第7章【白い死神】

 車の後部座席に冷たくなったスノウリリィを寝かせて、ユーシアはネアも車の中に押し込む。このまま帰ろうかとも考えたが、悪党としてそれは許容できなかった。

 スノウリリィを殺した何某なにがしを、この手で殺す――ユーシアとリヴの方針はすでに決まっていた。


「ネアちゃん、俺たちはこれからスノウリリィちゃんを殺した馬鹿野郎を殺してくるね。危ないし、変態さんに狙われたら困るから、ネアちゃんはスノウリリィちゃんをここで見張っててくれるかな?」

「…………」


 ユーシアの言葉に、ネアは返事すらしなかった。赤くなってしまった瞳をごしごしと擦り、彼女は小さくコクリと頷く。
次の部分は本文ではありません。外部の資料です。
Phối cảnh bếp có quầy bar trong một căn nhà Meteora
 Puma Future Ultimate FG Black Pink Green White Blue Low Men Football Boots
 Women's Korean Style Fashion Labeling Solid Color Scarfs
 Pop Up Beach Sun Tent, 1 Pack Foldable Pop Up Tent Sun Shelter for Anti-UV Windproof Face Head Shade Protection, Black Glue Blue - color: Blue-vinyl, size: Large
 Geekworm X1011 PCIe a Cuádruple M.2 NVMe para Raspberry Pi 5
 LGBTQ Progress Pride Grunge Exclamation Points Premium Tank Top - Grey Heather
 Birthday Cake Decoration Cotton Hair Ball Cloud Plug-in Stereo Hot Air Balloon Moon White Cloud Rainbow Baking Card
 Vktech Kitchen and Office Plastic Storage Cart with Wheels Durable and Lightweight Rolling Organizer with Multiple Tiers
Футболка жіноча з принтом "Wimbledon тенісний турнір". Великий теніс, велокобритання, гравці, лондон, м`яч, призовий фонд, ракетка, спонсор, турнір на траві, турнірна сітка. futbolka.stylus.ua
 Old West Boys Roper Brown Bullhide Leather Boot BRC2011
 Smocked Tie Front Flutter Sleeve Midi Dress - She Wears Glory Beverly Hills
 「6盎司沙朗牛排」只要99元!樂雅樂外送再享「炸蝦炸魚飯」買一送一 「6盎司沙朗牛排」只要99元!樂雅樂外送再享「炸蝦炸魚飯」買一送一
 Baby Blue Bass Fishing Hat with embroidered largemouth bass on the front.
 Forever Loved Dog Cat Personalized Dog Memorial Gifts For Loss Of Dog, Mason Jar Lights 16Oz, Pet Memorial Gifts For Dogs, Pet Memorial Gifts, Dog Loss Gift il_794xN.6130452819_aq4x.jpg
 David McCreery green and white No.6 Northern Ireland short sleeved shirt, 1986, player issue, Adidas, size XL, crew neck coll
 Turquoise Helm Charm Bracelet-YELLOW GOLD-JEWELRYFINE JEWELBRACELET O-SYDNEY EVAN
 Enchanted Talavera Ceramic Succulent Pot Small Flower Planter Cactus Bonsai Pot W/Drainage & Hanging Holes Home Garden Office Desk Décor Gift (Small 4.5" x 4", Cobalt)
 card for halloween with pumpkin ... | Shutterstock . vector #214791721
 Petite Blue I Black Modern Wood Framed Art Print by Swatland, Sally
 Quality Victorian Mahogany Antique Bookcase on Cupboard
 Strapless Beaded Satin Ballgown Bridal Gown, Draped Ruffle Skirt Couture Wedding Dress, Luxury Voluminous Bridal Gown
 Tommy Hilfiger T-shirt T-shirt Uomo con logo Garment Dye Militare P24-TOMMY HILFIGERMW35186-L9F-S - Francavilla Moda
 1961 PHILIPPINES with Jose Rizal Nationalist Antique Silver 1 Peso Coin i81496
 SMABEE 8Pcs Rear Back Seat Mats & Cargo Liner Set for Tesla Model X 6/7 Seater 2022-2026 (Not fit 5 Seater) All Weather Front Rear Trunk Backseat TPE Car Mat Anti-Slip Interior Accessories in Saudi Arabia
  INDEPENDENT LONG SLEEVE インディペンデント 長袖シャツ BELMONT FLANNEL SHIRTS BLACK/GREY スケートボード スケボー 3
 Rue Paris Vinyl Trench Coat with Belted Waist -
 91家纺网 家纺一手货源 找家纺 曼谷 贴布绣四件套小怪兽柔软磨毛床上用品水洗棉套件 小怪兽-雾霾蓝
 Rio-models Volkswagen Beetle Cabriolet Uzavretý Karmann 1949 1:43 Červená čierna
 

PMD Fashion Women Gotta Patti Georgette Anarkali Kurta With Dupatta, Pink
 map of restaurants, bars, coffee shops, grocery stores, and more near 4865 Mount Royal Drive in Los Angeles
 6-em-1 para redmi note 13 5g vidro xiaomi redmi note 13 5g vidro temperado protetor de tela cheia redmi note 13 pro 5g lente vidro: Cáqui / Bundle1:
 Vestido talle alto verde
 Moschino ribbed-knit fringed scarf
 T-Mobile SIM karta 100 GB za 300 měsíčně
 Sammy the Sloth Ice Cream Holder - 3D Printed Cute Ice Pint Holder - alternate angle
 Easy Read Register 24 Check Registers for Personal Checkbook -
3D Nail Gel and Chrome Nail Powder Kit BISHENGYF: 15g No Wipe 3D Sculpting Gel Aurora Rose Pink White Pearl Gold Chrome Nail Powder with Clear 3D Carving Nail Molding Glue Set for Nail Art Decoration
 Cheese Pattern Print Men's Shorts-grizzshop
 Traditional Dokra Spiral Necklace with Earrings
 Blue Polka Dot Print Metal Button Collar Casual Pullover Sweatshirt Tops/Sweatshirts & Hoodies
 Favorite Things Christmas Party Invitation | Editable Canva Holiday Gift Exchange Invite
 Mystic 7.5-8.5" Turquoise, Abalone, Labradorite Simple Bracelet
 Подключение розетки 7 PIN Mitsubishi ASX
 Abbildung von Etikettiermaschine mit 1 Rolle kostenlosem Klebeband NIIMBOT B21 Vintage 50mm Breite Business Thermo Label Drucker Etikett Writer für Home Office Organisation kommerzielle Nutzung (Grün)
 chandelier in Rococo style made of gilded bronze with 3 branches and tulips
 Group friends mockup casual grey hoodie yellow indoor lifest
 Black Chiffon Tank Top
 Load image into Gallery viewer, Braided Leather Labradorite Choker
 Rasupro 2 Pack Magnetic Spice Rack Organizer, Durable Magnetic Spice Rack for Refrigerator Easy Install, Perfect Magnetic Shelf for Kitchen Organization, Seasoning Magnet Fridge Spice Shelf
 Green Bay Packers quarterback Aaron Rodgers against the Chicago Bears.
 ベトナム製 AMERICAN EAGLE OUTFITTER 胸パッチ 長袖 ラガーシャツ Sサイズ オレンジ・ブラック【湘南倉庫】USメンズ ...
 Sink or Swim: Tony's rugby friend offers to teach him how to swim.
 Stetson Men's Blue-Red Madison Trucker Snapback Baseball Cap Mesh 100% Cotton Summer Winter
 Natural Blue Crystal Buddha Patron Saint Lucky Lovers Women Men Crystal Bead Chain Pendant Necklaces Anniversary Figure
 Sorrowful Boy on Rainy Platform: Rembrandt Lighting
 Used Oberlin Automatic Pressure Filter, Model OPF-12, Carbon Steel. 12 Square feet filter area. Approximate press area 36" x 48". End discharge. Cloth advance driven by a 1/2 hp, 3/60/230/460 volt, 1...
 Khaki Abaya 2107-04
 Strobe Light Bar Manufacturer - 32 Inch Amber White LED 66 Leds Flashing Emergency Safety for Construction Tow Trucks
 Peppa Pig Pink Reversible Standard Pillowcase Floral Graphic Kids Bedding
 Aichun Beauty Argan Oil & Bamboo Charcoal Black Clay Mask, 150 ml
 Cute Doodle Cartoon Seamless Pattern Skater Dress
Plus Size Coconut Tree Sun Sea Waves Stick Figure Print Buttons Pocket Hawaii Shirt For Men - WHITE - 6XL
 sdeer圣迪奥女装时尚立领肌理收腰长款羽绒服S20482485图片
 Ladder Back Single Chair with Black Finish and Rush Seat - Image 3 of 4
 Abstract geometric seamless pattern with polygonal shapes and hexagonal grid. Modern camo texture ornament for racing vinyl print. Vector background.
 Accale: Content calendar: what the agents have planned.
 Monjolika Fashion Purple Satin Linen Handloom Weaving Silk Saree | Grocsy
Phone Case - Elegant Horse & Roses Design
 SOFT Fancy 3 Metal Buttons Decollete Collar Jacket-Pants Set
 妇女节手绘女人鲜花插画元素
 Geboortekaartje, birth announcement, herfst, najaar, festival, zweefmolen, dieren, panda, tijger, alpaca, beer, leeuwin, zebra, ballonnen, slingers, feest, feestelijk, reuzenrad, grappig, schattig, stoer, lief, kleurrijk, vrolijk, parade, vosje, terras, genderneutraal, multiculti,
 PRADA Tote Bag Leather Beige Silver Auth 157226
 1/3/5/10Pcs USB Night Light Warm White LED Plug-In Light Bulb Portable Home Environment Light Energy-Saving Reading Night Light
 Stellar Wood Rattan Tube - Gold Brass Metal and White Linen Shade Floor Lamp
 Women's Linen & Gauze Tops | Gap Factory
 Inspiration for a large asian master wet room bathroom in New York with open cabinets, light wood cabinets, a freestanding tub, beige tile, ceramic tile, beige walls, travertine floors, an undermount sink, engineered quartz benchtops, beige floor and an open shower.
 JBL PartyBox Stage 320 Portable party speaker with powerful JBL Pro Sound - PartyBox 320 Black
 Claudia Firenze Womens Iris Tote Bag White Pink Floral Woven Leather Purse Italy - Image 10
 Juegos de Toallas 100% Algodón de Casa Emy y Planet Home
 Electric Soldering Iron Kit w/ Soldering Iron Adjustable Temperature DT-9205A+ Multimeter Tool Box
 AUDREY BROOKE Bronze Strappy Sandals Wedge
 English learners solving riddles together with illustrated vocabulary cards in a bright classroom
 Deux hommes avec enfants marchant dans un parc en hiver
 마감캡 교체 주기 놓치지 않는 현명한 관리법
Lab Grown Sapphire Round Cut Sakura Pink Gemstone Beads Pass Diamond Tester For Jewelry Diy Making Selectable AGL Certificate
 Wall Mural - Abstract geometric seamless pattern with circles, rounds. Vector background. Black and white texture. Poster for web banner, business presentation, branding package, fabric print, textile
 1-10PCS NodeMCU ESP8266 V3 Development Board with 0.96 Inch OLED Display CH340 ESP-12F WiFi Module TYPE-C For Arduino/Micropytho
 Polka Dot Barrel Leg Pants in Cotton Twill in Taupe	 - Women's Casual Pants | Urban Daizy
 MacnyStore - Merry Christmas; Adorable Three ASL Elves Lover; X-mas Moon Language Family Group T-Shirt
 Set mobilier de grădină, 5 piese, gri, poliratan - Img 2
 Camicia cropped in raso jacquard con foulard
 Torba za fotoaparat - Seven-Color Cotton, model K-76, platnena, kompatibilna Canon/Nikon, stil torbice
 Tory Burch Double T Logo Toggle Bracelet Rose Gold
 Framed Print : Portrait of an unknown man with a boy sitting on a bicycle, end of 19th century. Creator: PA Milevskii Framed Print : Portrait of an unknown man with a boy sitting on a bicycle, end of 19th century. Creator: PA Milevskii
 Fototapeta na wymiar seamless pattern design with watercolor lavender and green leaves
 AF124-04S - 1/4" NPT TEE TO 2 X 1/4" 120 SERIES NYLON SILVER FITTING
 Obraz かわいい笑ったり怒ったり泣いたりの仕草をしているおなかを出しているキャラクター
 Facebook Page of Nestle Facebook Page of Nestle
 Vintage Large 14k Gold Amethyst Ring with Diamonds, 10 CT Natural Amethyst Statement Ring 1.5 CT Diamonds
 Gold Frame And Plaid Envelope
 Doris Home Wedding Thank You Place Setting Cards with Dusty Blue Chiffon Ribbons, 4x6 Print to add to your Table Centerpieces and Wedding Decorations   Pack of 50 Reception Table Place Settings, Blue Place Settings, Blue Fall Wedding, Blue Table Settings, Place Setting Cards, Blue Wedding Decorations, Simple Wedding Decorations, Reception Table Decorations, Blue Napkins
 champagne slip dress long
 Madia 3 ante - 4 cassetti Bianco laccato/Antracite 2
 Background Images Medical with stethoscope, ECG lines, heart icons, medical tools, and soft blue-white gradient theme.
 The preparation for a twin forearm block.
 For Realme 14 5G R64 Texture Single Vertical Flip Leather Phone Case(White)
 傷心状態の少女を一人でここに置いておくのは危険だろうか。後追い自殺の可能性も大いにあり得るので、ユーシアは少し考えてからこう判断を下した。


「リヴ君もここに残って」

「え、何でですか」

「ネアちゃん一人だと心配でしょ。スノウリリィちゃんを追いかけて自殺しかねない」


 永眠するスノウリリィのすぐ側に寄り添うネアは、今にも消えてしまいそうな儚さがある。このままでは本当に一人にした途端、スノウリリィの後を追いかけかねない。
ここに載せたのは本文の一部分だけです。